Would you repeat exactly the part of the listing below that runs from the line containing "Pull power back Helicopter with Car set toy" down to the line containing "Aqualogica Glow+ Dewy", inclusive, and nothing else?

++++++++++++++++++++

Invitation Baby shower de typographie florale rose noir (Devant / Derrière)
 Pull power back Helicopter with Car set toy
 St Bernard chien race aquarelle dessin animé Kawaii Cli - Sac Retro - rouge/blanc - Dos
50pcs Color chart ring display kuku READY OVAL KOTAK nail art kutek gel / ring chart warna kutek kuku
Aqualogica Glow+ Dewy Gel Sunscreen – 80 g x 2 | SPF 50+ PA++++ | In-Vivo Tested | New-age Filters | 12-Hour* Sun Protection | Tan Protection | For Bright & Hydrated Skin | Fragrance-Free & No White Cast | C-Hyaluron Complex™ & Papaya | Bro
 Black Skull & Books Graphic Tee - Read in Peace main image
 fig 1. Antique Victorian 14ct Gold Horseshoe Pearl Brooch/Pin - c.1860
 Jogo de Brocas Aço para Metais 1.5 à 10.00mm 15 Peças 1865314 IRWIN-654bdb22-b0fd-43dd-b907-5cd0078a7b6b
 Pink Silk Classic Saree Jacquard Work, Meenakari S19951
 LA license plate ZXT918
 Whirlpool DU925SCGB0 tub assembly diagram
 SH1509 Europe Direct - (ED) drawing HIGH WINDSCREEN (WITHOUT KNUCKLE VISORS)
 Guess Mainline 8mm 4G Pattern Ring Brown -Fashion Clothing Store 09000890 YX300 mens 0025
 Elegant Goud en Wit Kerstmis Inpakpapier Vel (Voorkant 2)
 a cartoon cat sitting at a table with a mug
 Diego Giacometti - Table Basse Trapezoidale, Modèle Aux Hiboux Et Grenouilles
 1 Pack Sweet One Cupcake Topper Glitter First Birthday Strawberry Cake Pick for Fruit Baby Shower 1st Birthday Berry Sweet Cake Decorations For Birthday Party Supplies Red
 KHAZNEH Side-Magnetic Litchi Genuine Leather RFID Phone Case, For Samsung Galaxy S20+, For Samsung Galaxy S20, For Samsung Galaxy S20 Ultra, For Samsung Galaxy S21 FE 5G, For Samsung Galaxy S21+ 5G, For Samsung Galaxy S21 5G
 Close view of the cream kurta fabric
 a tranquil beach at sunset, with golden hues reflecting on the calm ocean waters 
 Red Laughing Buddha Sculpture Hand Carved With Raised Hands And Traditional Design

++++++++++++++++++++

### ANSWER FOR THE TASK:
 Pull power back Helicopter with Car set toy
 St Bernard chien race aquarelle dessin animé Kawaii Cli - Sac Retro - rouge/blanc - Dos
50pcs Color chart ring display kuku READY OVAL KOTAK nail art kutek gel / ring chart warna kutek kuku
Aqualogica Glow+ Dewy Gel Sunscreen – 80 g x 2 | SPF 50+ PA++++ | In-Vivo Tested | New-age Filters | 12-Hour* Sun Protection | Tan Protection | For Bright & Hydrated Skin | Fragrance-Free & No White Cast | C-Hyaluron Complex™ & Papaya | Bro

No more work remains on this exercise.